Results: (1) Statistical modeling is best suited to quantify pharmacokinetic/pharmacodynamic processes and to separate/quantify different sources of variability. Physiological modeling is ideal for exploring mechanistic connections between pathophysiology, therapeutic pathways and outcomes. (2) Statistical models are fully inferred from clinical or pre-clinical data sets with most model parameters being estimated; the model complexity is determined by the data. Physiological models start with knowledge and hypotheses of biological processes. Many types of data are used to inform and parameterize the models. (3) The statistical modeling process is guided throughout by the hypotheses to be tested: for model building, addition of mechanistic components, covariate relationships etc. In physiological models, scope is guided by the decision to be made, modeling uncovers knowledge gaps, and the models facilitate investigation of the systemic implications of alternative hypotheses. (4) For statistical models, many tools are available to evaluate models internally and externally and assess goodness of fit. For physiological models, matching data is also critical, and additional criteria must be met to ensure that the model is relevant and adequately addresses uncertainty and variability.

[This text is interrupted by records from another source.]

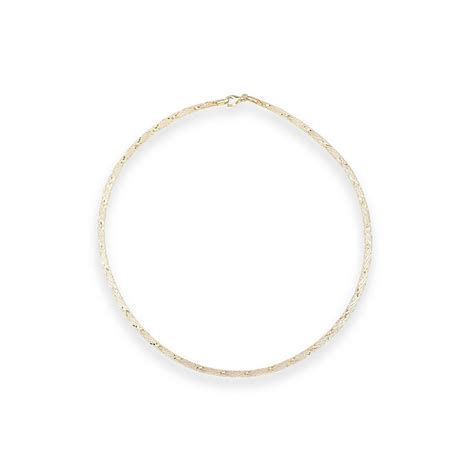 Gold Plated silver choker necklace – misshighness
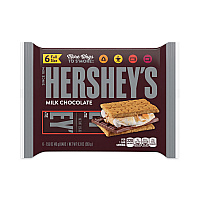 Milk Chocolate Bar, 1.55 oz Bar, 6 Bars/Pack, 2 Packs/Box (24601029)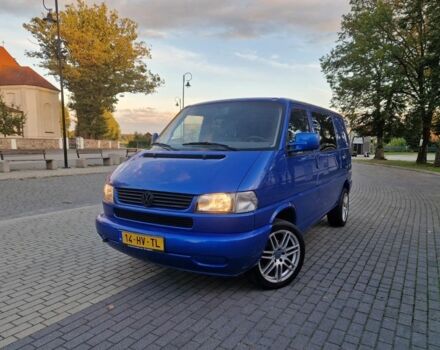 Синий Фольксваген Transporter, объемом двигателя 2.5 л и пробегом 365 тыс. км за 2200 $, фото 10 на Automoto.ua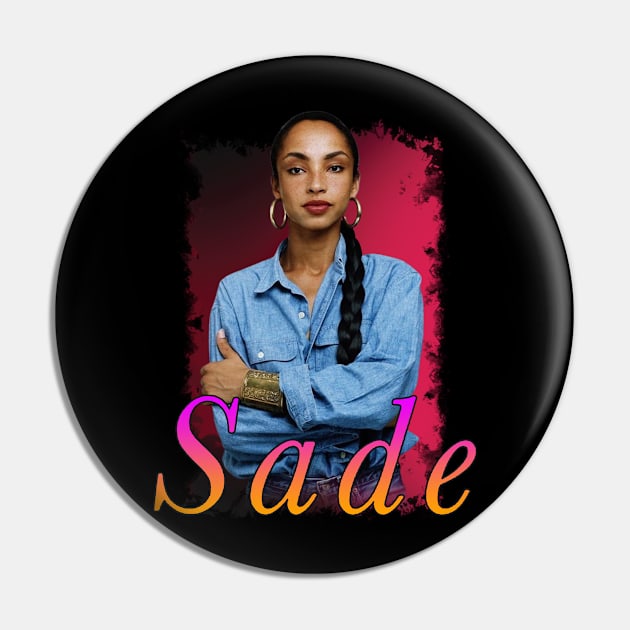 Sade - Retro Pin by MamasYoO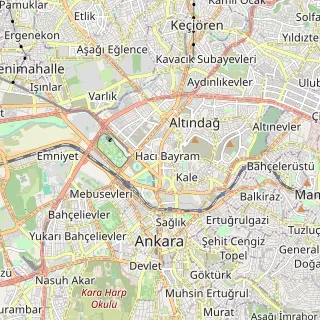 Altındağ Haritası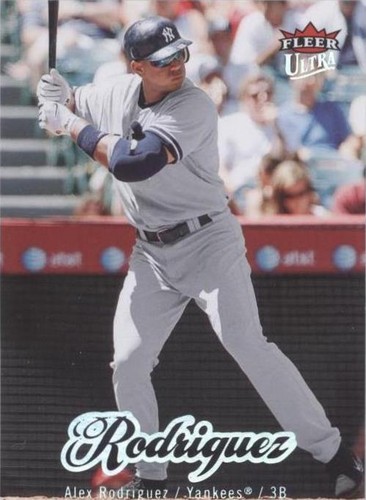 2007 Fleer Ultra - Alex Rodriguez #119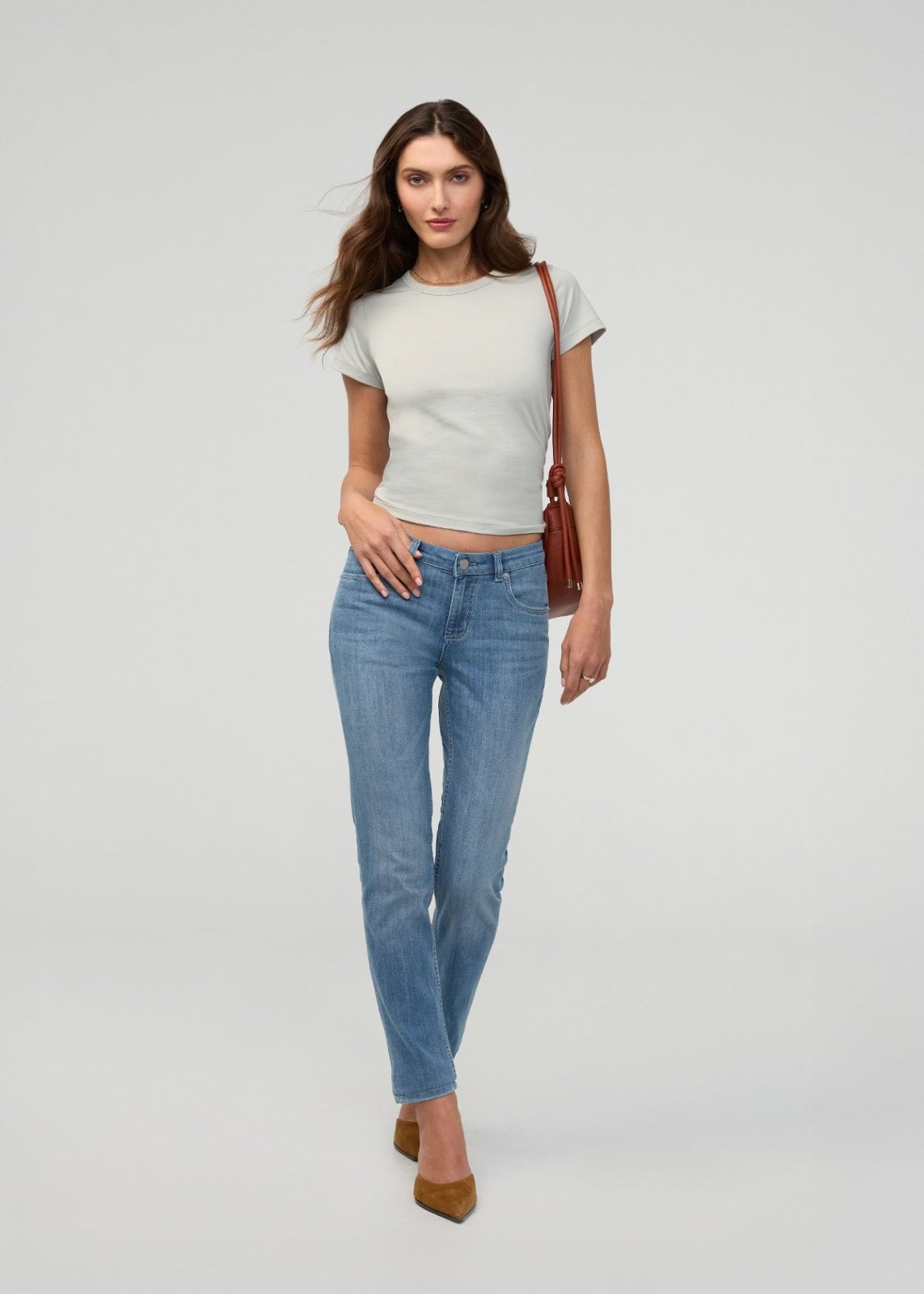 Women's Relaxed Fit Solstice Stretch Jeans Full Body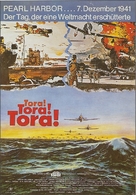 Tora! Tora! Tora! - German Movie Poster (xs thumbnail)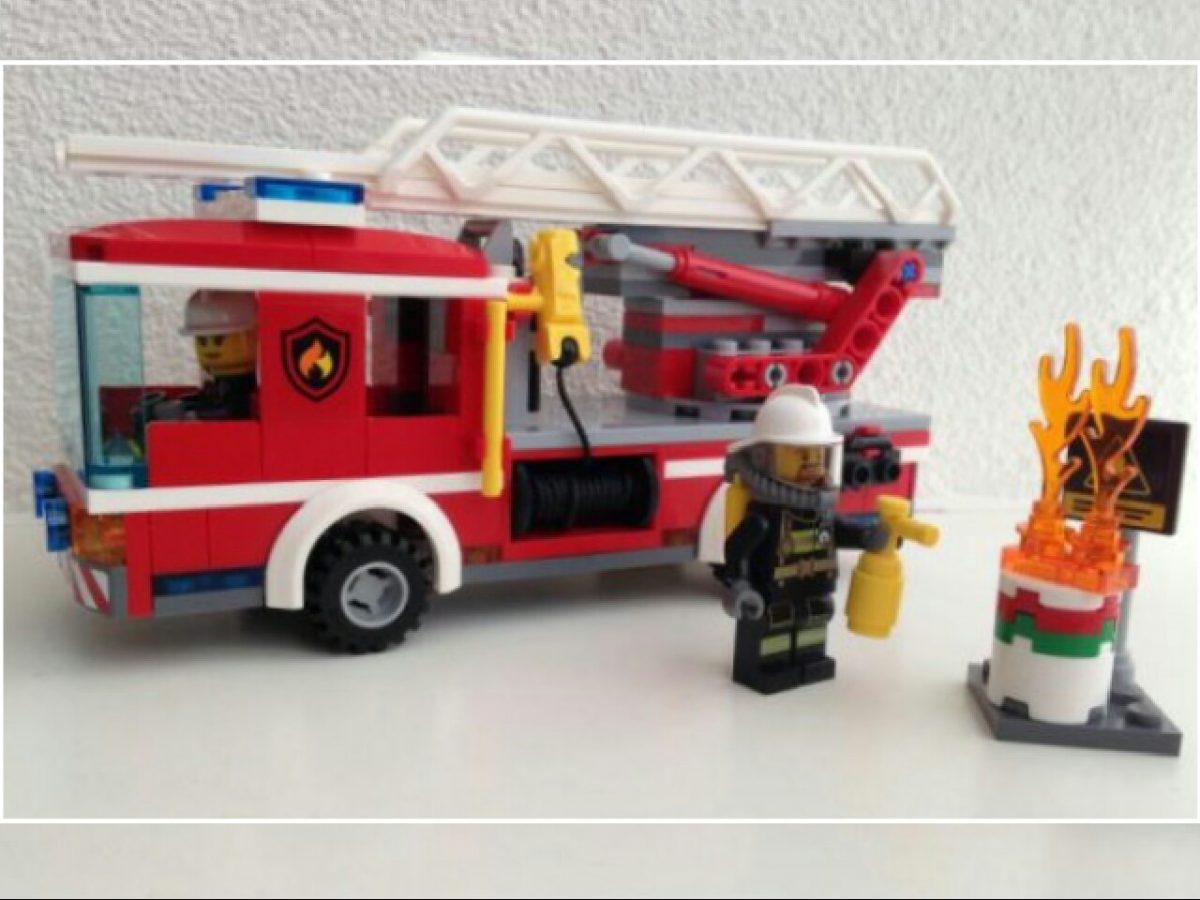 lego city fire truck instructions 60107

Conclusion: Statistical and physiological modeling methods in drug discovery and development share some attributes, which should help make each method conceptually accessible to practitioners of the other. There are also distinguishing features that could inform choice of approach and interpretation of results. Based on our exercise, we conclude that the methods are complementary. Additional work is under way to crisply define hand-off points and methodologies to optimize overall use of modeling in drug discovery and development.